Somos convidados a ir com Jesus ao deserto no retiro quaresmal. Marcos, o evangelista do ano, nos auxilia. Sintético e sucinto, afirma o suficiente: “O Espírito levou Jesus para o deserto. E ele ficou no deserto quarenta dias e aí foi tentado por satanás” (1, 12 s).
Trata-se da ocasião para recordarmos e atualizarmos nosso saber: o sentido de Jesus conduzido pelo Espírito de Deus; o deserto como lugar de provação; a duração dos quarenta dias, em ligação ao tempo quaresmal no deserto da tentação de Israel. Portanto, Ele é lido dentro da grande tradição cultural e religiosa do antigo povo de Deus.
“Vivia entre os animais selvagens e os anjos o serviam” (v. 13). Afirmação desconcertante. Faz algum sentido? Certamente, visa a lembrar que Jesus é o novo Adão, na paz paradisíaca. É até tocado pelo mundo celestial mediante o serviço dos anjos. Assim sendo, o novo Adão é celeste. Realiza, ao contrário do velho Adão, o projeto de Deus em relação ao homem e à mulher sobre a terra a caminho do paraíso celeste. Combate a favor do homem novo.

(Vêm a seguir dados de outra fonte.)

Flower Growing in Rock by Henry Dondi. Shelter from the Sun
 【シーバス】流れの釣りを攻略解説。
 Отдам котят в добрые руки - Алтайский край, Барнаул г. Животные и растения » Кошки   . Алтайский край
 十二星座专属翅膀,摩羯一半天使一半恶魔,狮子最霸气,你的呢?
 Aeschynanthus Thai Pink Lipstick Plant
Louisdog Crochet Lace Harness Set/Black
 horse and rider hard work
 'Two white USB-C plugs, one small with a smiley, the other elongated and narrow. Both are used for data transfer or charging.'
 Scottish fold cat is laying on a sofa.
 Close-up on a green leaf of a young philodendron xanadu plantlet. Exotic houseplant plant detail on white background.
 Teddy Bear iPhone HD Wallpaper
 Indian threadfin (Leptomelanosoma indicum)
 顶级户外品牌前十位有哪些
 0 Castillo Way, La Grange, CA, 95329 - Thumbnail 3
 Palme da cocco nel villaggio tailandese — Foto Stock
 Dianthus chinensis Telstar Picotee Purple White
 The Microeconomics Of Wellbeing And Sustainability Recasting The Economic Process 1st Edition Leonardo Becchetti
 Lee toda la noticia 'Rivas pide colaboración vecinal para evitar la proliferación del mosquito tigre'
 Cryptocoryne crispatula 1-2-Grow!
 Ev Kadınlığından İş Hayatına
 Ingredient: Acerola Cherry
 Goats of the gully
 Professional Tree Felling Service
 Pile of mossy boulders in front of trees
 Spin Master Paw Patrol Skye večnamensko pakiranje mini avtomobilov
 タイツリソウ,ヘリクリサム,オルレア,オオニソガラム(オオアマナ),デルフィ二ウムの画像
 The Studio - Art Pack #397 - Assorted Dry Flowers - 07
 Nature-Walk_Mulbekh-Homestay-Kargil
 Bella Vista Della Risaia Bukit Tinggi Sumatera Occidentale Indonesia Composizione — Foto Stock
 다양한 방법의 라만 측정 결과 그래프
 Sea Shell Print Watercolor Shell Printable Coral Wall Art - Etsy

Jesus renova e pacifica a humanidade, vencendo o pecado na carne mortal. Tão árduo combate pelo paraíso em Deus é a recuperação dos bens que podem ser alcançados só pela gratuidade do seu amor salvador. Então, o paraíso terrestre perdido não significa a perda de tudo, pois Cristo ganhou o que nos falta e só Deus dá.
Nossa contemplação de Jesus, na síntese de Marcos, supõe seu evangelho integral. Porém, logo nos faz entrar, sem intervalo, na vida pública, palco da Mensagem. Por isso, de imediato Jesus encontra-se na Galileia, pregando o evangelho de Deus. Isto é que lhe interessa: narrar o Mestre a transmitir boas notícias, bem condensadas. Jesus afirma: “O tempo já se completou e o reino de Deus está próximo. Convertei-vos e crede no evangelho! ” (v. 15).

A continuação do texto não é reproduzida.